Un paysage diversifié avec de la forêt, une rivière et un marais.
La protection de massifs forestiers matures est le nerf de la guerre pour assurer la survie du caribou forestier. PHOTO : RADIO-CANADA

Une fois que la stratégie sera présentée au gouvernement fédéral, le ministère canadien de l’Environnement et du Changement climatique devra en analyser le contenu, après quoi des décisions politiques seront prises à propos d’un éventuel décret de protection de l’habitat essentiel.

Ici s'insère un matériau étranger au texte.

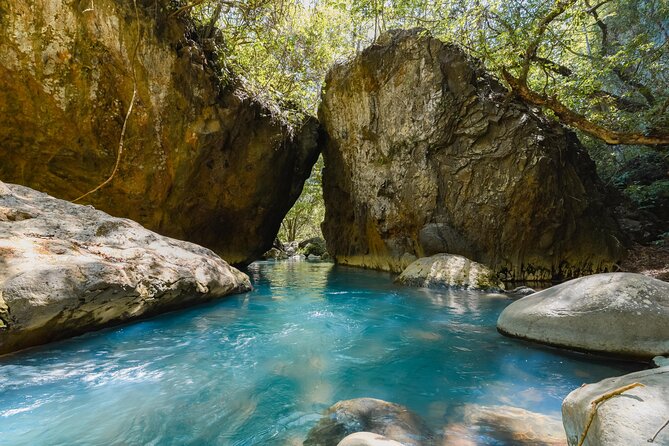 Hiking Tour of La Leona Waterfall with Lunch - What to Wear: Water Shoes With Grip, Plus a Dry-Body Plan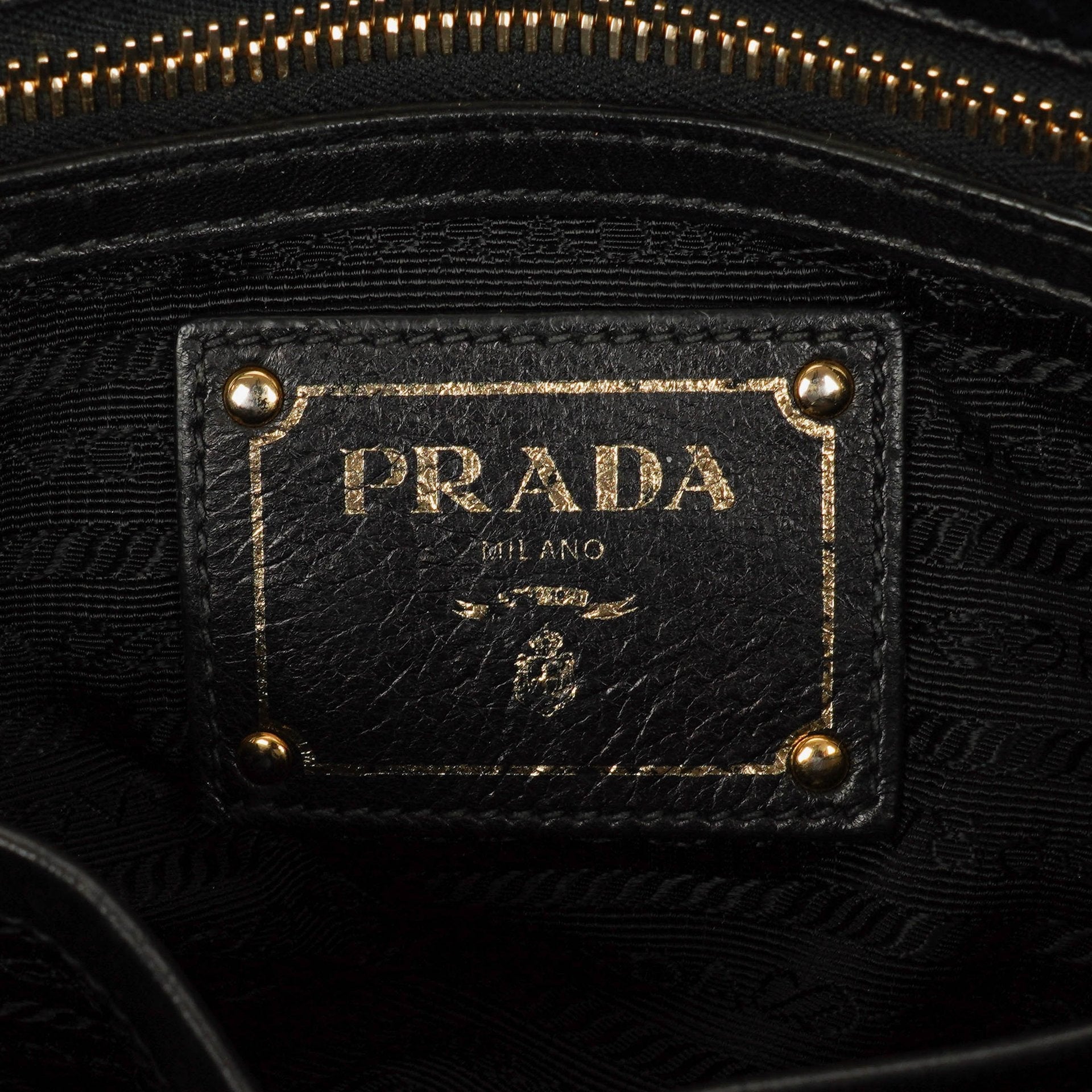 Prada Tessuto Gaufre Tasche aus schwarzem Nylon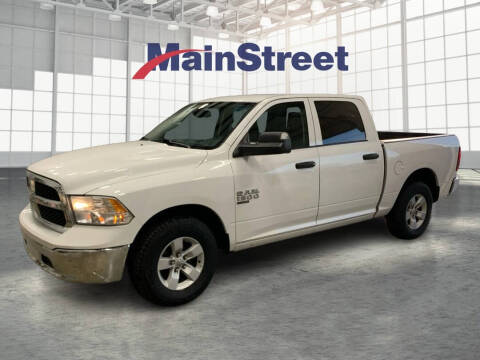 2023 RAM 1500 Classic SLT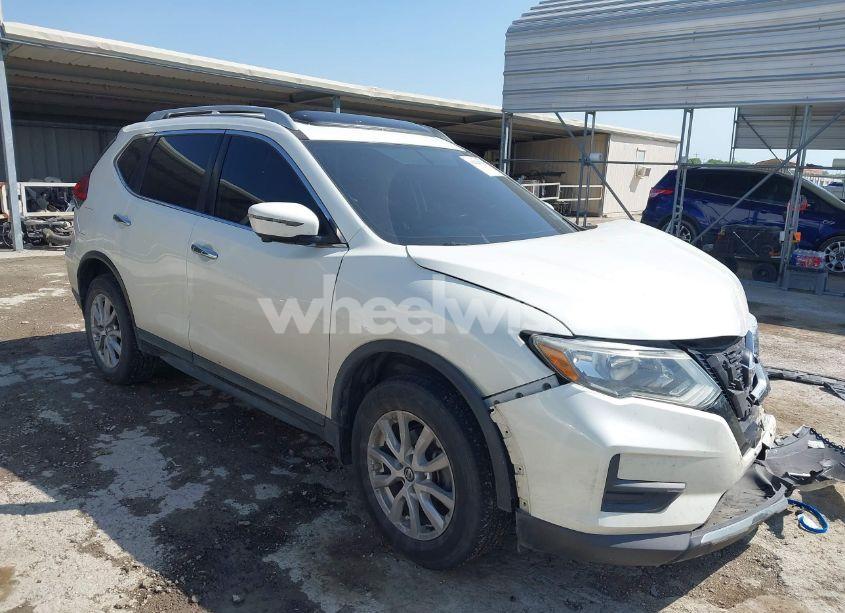 2017 Nissan Rogue SV (VIN 5N1AT2MV8HC814318) main photo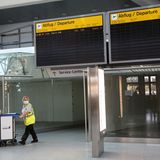 Am Samstag waren die letzten Linienmaschinen abgehoben. Am Sonntag stand nur der Flug AF 1235 nach Paris auf der Anzeigetafel im Terminal.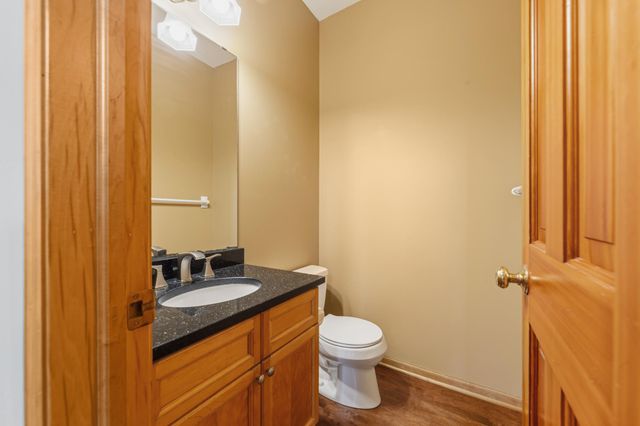 1517 Covington Lane, Eagan, MN 55122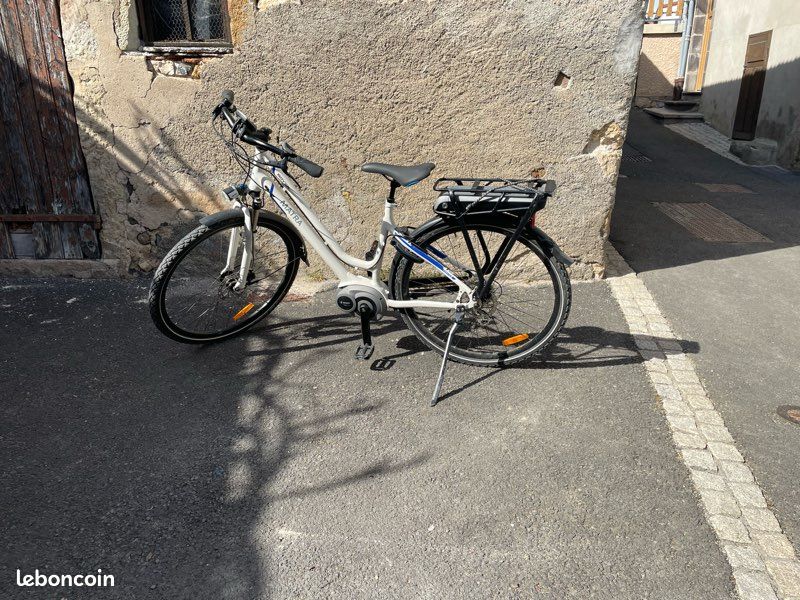 Vélo à assistance électrique. Matra (image 1)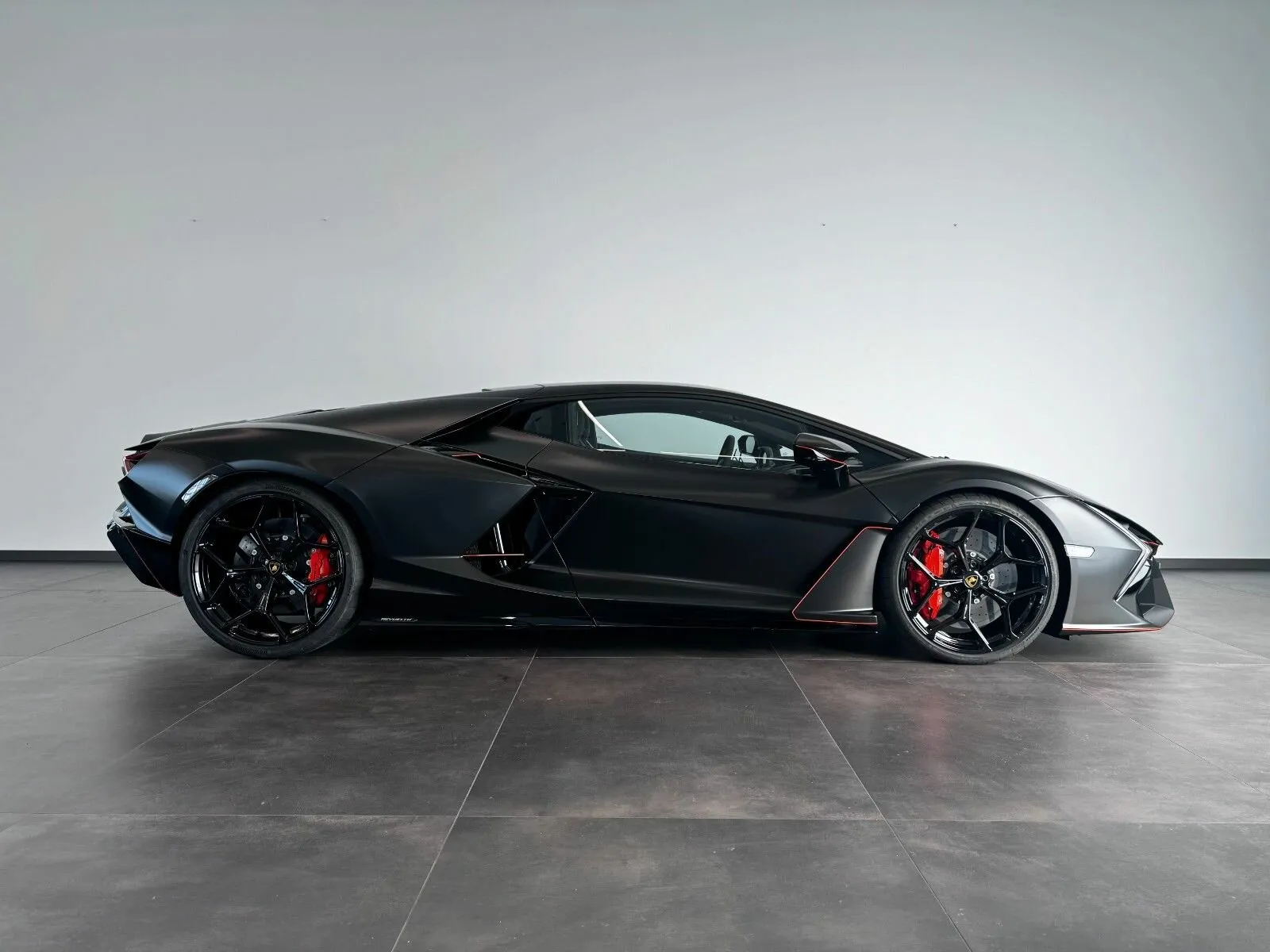 Lamborghini Revuelto — 6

Si la stratégie présentée ne suffit pas, M. Guilbeault pourrait alors aller de l’avant avec une intervention. Le recours au décret de protection de l’habitat essentiel n’a jamais été utilisé depuis l’instauration de la Loi sur les espèces en péril.

Obligation juridique

Alain Branchaud, directeur général de la Société pour la nature et les parcs, section Québec (SNAP Québec), rappelle que la loi fédérale oblige le ministre à agir s’il est constaté qu’une province ou un territoire n’en fait pas suffisamment pour protéger une espèce en péril.

Dans le cas du caribou, le ministre Steven Guilbeault a déjà admis publiquement que le Québec ne remplissait pas son rôle et qu’une stratégie plus costaude était nécessaire pour éviter une intervention du fédéral.

La quasi-totalité de l’habitat essentiel du caribou forestier sur le territoire du Québec n’est pas protégée efficacement, écrivait d’ailleurs le ministre au gouvernement du Québec en février dernier. Selon M. Branchaud, M. Guilbeault ne doit pas perdre de vue ses obligations malgré le nouveau délai accordé.

En ce qui a trait aux feux, M. Branchaud n’y voit d’ailleurs pas un argument qui est très solide pour repousser l’échéance. S’il est sensible aux conséquences des incendies, en particulier pour les communautés locales et autochtones, il rappelle que le Québec ne devait pas présenter une stratégie finale mais plutôt une proposition de stratégie ainsi que des mesures intérimaires en attendant son entrée en vigueur.

La période de consultations aurait été l’occasion d’ajuster le tir et de prendre acte des dernières informations et des impacts sur les sites visés, croit-il. Il aurait préféré un dépôt officiel de la stratégie avant la fin du mois plutôt que de subir une révision et de nouveaux délais avant de poser les yeux sur le document.

Selon la SNAP Québec, au moins 35 000 kilomètres carrés de nouvelles aires protégées dans l’habitat du caribou devront figurer au sein de la stratégie pour que celle-ci soit viable. M. Branchaud espère également des mesures concrètes pour limiter les perturbations des territoires à protéger.

Lors des préconsultations, ce printemps, des Premières Nations, dont les Innus, ont déploré une stratégie trop timide. L’industrie forestière a pour sa part martelé que de nouvelles mesures de protection pourraient causer des pertes d’emplois considérables.